Russell Brand and Jonathan Ross are experiencing the aftermath of a joke gone horribly wrong. What do you get if you cross a Spanish waiter with ill-judged prank - 10,000 complaints and rising. After a series of on-air phonecalls to Andrew Sachs, the 78-year-old actor, about a liaison with his granddaughter, the two face calls for their resignation, an Ofcom inquiry, even a suggestion that they be prosecuted. Why are the British public, normally so proud of their sense of humour, not laughing?
The first issue is power. The dynamics between comedian and audience are complex. An audience are happy to be complicit in all kinds of unpleasant jokes, as long as they don't feel bad. Essentially, the rule is that laughing at the rich and famous is comedy, laughing at the poor and disenfranchised is bullying. In the past few years there have been a plethora of jokes about Heather Mills on primetime television. Because she's a wealthy celebrity, audiences are far more comfortable laughing at her disability than they would be about another woman injured in a traffic accident.
A similar shift has occurred with racist jokes - most people now balk at jokes predicated on someone's ethnicity, but nationality is still fair game. The comedy circuit is full of people who wouldn't dream of joking about Asian or black immigrants, but don't hesitate to joke about Polish plumbers. When Anne Robinson consigned the Welsh to Room 101, or The Simpsons derided the French as cheese-eating surrender monkeys, we were quite happy to see it broadcast on TV. Robinson faced a few calls for an apology, but it didn't exactly harm her career.
Interestingly, it seems to be Sachs's age that has caused most disquiet. A straw poll of my colleagues suggests that even other comedians don't think it's funny to badger an elderly man. Yet we've all heard jokes about John McCain's age without being worried. Again, it's about power. Mr McCain has thrust himself into the public eye. If he wants to have his finger on the nuclear button, goes the reasoning, he should be able to take a joke. But Sachs is someone people remember fondly - and he wasn't looking for publicity. I wonder if the number of calls has upset people. One stupid prank call might have been forgivable; four messages of increasingly insincere apologies less so.

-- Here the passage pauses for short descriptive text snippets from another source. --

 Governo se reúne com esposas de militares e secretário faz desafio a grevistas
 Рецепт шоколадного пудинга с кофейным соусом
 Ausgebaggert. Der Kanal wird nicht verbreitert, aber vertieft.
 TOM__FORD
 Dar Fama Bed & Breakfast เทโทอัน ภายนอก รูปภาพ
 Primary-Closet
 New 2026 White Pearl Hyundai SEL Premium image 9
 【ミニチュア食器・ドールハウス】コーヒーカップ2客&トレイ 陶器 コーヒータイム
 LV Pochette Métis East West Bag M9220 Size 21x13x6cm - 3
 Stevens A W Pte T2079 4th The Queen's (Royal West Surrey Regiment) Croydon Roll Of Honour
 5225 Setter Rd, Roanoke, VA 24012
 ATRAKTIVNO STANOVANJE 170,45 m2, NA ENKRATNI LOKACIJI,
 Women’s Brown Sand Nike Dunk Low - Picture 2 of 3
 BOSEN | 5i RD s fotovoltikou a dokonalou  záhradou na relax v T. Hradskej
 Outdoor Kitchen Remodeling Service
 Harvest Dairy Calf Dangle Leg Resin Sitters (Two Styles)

The second issue that has caused so much concern is that the show was prerecorded. As someone who once used the F-word on Radio 5 Live (after midnight, but still), I know that BBC audiences are willing to forgive a slip of the tongue on live radio, particularly if you apologise instantly and unreservedly. But the fact that a producer heard this show and thought it was fine to broadcast seems to have baffled commentators.
This is a problem with television and radio that live comedy doesn't face. If you make an off-colour joke on stage, the audience tends to respond instantly - they gasp, or boo, or even walk out. I once told a joke about Siamese twin babies at a gig in Chertsey that caused a third of the (admittedly tiny) audience to leave. One of them then hammered on the window wailing until her husband dragged her away. It didn't stop me from telling the joke again, but it certainly convinced me that I should judge my audience carefully before I tried it another time.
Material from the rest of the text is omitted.